Some social housing landlords may see the change in advice as a release from the costly obligations of fire safety work but no longer requiring an external wall assessment on their tenanted properties does not mean the problem goes away. To prioritise the safety of every person living in unsafe buildings, the government would need to complement this advice with a meaningful way to improve the quality of buildings below 18m.
The future of social housing
A number of housing associations have highlighted how fire safety work comes at the expense of other work landlords need to carry out, including development and decarbonisation targets.
Landlords are currently expected to ensure their properties are compliant with future eco targets, as well as complete fire safety work, all with no additional financial support. For this reason, the immediate danger associated with fire safety is unsurprisingly prioritised, putting social housing at risk of falling behind in other areas. Without access to any additional support, social housing landlords may jeopardise the UK’s adherence to climate targets.
Keeping tenants safe
Above all, the most important concern is the safety of tenants in buildings of any size. While the change in advice may no longer render non-compliant properties below 18m valueless, owners of these homes shouldn’t take this as an opportunity to avoid carrying out vital safety inspections and remedial work.

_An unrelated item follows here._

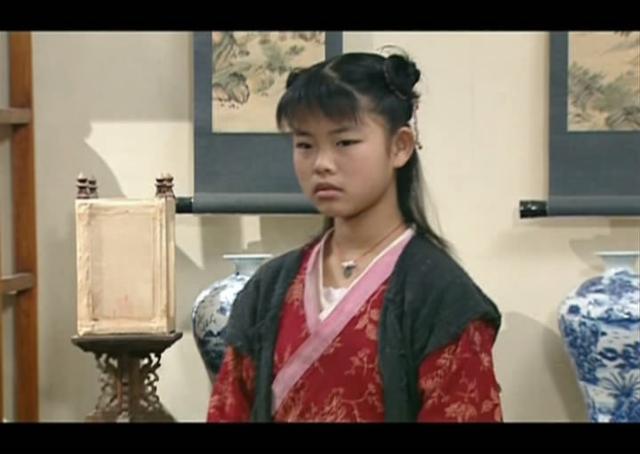 Bất ngờ với ngoại hình hiện tại của sao nhí từng bị chê là xấu nhất Trung Quốc-2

With no further clarity on what support the thousands of buildings below 18m will receive to resolve their issues, some housing associations have begun generating money from their social rents as this is currently the most reliable way to ensure the work can be completed in a timely manner.
With the urgency removed from resolving the issues in low rise buildings, social housing landlords may be pressured to turn their attention elsewhere; but issues around the cladding scandal can’t end until all fire safety issues in buildings of all heights have been resolved.